Task requirements:
For the entries below, say how many lines include the word "with" and add nothing else.

Scraped caption text data
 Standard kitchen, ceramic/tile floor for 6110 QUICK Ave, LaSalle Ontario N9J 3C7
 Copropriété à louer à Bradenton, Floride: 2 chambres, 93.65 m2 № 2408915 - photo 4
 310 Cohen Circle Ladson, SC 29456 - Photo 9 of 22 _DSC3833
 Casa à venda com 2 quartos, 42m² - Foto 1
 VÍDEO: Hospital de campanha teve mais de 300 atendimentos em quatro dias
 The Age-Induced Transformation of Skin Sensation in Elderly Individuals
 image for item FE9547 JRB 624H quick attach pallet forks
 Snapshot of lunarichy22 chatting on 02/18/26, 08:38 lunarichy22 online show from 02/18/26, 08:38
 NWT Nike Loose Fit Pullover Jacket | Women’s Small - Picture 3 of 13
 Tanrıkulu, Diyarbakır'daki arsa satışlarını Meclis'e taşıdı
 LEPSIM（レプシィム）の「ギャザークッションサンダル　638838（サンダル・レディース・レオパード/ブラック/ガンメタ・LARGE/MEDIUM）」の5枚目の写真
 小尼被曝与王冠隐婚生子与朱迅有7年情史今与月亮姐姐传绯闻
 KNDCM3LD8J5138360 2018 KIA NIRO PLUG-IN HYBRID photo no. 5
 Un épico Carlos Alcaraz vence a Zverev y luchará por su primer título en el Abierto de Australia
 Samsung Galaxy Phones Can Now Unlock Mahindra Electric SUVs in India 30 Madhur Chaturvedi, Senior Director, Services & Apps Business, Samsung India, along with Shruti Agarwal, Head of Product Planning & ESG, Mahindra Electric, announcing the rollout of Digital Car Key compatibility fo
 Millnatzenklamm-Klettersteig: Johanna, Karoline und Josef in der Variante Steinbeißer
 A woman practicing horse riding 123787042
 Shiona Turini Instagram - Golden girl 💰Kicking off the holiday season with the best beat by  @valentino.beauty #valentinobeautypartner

Task answer:
2